Ce sera désormais le credo qui va forger sa personnalité et celle de ses quatre garçons qu’il a su élever en compagnie de son épouse Véronique, fille d’immigrés espagnols. Les maîtres mots de ce paternel, dont il n’a jamais oublié le passé de travailleur manuel, qui a connu la faim et le froid de ce fameux hiver 1954 popularisé par l’appel de l’abbé Pierre, vont l’accompagner toute sa carrière et sa vie durant.
Frédéric Hermel conte avec chaleur et précision les différentes étapes de la jeunesse de « Yaz », marquée par la rencontre amoureuse avec Véronique et l’amitié indéfectible qui le lie à David Bettoni, aujourd’hui son adjoint au Real Madrid. C’est Véronique qui sera de bon conseil à ses côtés pour écarter ces êtres toxiques attirés par les stars. Car Zidane, sans doute le français le plus connu dans le monde, est un mythe, une icône mondiale, un modèle. Extraordinaire footballeur, aujourd’hui entraîneur adulé au palmarès unique avec trois ligues des champions (2016, 2017, 2018) consécutives avec le Real Madrid, sa destinée est hors norme, jalonnée de succès incroyables et de coups de sang mémorables.

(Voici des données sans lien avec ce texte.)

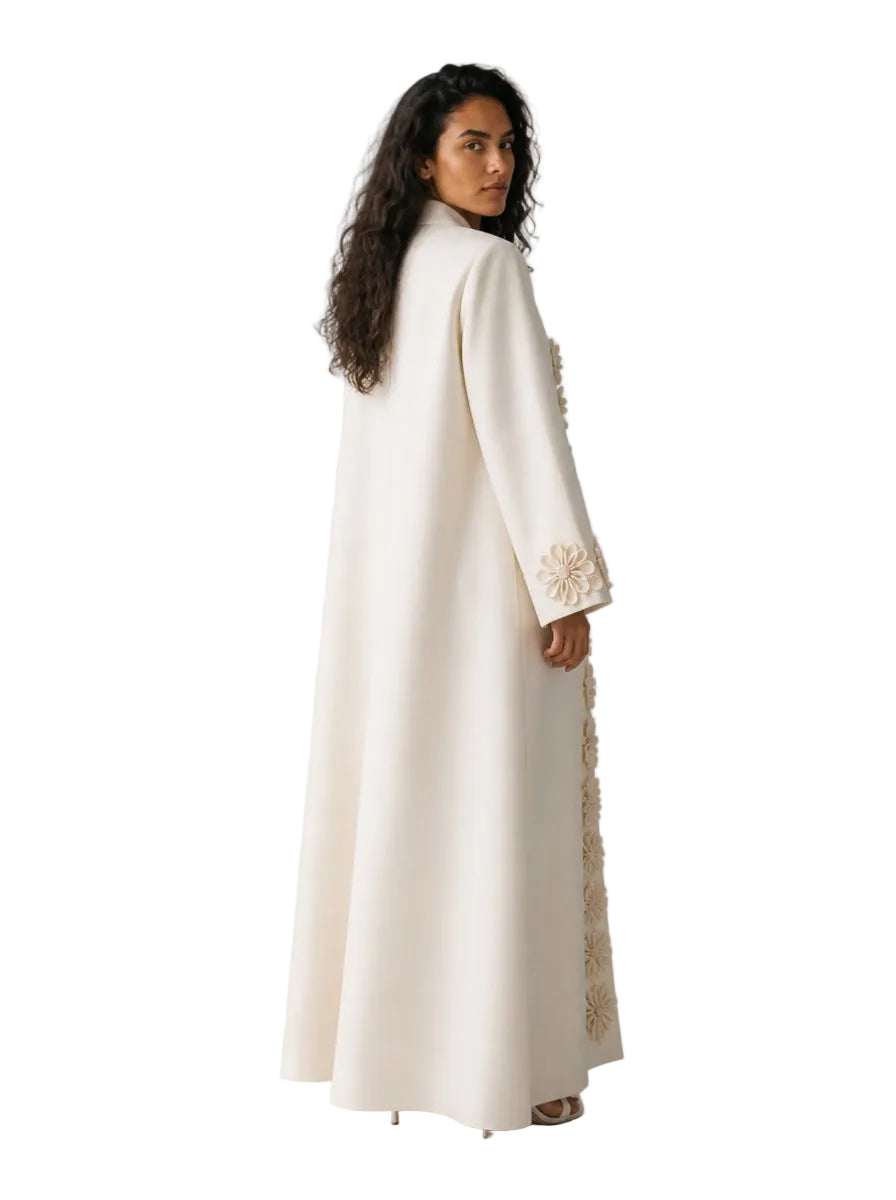Ivory flower appliqué abaya, full-length front view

Ainsi de son rapport à la politique qui le fera sortir de sa réserve naturelle à deux reprises : en 2002, Bruno Gollnish, un des leaders du Front national, le catalogue de fils de harkis. La réponse est cinglante : « Eh bien mon père n’a jamais combattu contre son pays, c’est clair ? Mon père est un Algérien fier de l’être, et moi je suis fier que mon père soit un Algérien ! »

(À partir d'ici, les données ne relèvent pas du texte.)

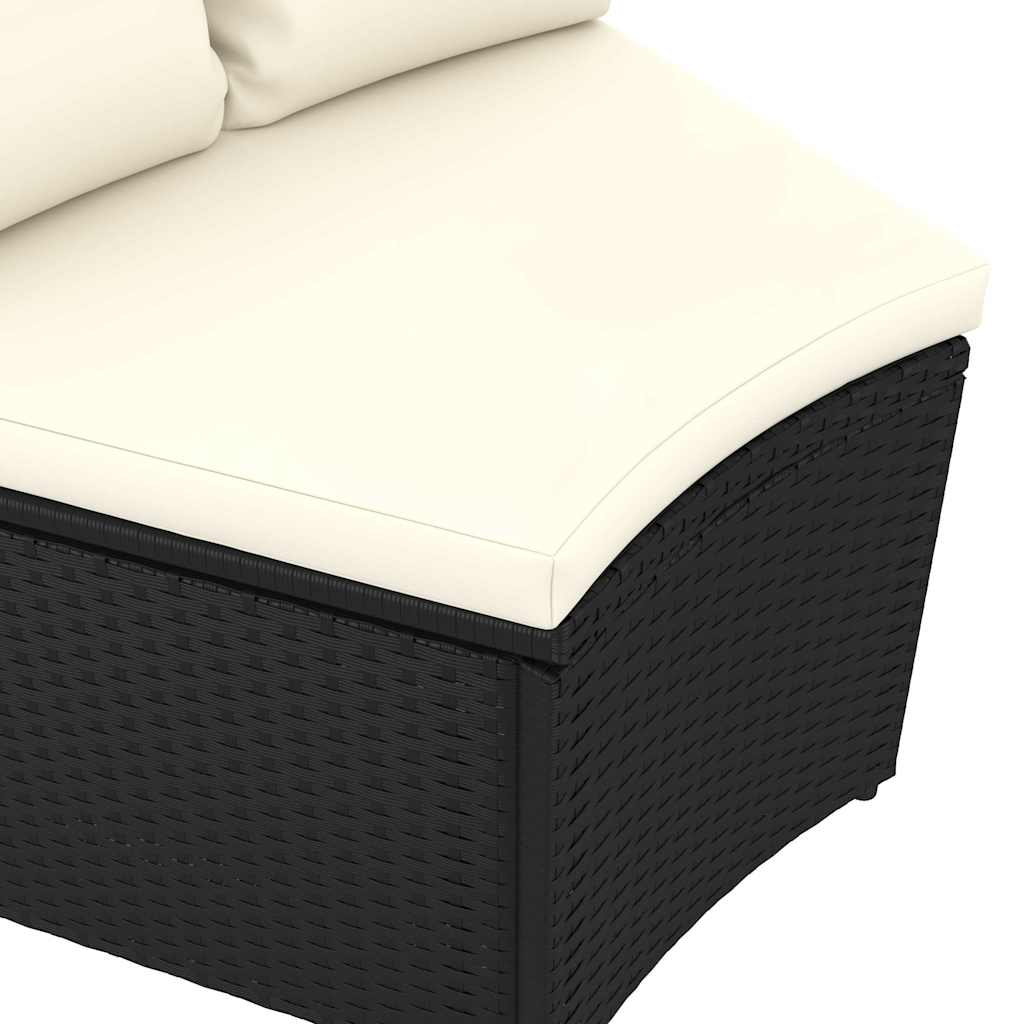 9-dijelni set vrtnih sofa od poliratana s jastucima crni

« Des mots repris par tous les médias qui ne seront pas du tout appréciés par la communauté harkie, écrit Frédéric Hermel, qui poursuit : logique. Le sujet est grave en lui-même. Extrêmement grave pour Zizou puisqu’il touche à l’honneur de son idole, de son modèle, de son guide. Accuser son papa de trahison envers sa patrie lui paraît insupportable et je sens que là se dessine l’une des nombreuses frontières que Zinédine ne laissera jamais franchir. J’apprendrai petit à petit à déceler les autres. Smaïl est intouchable. C’est tout. »
D’ailleurs Zidane, qui ne parle pourtant jamais de politique, appellera pour le second tour des présidentielles de 2002 à ne pas voter pour Jean-Marie Le Pen. Il récidivera en 2017 à propos de sa fille Marine.
Le journaliste écrivain Frédéric Hermel passe en revue toutes les personnes qui ont marqué son existence et raconte avec force détails sa vie au quotidien, ses motivations actuelles, écrivant ceci : « J’affirme après des décennies d’amour du football et dix-huit saisons de marquage journalistique de ce sport, de décryptage sensitif et cartésien, que Zidane deviendra encore plus grand entraîneur qu’il n’a été joueur. »
Ce que confirme Msaidié, l’entraîneur en second au Real Madrid : « Zidane a ce truc essentiel dans notre métier, c’est qu’il synthétise très vite. Les idées sont limpides, les concepts bien choisis et très clairs. Il sait où il veut aller, comment il veut y aller et possède en lui cette capacité de le transmettre. C’est simple à comprendre pour les joueurs et pour nous aussi qui travaillons auprès de lui. Avec Zizou, il n’y a pas de palabres et, en même temps, il pose beaucoup de questions, demande conseil, laisse aux autres la possibilité de s’exprimer et permet la confrontation des idées. » Cette réflexion pertinente sur l’entraîneur recoupe parfaitement tout ce que cet ouvrage raconte de l’être intime qui se dissimule derrière la star.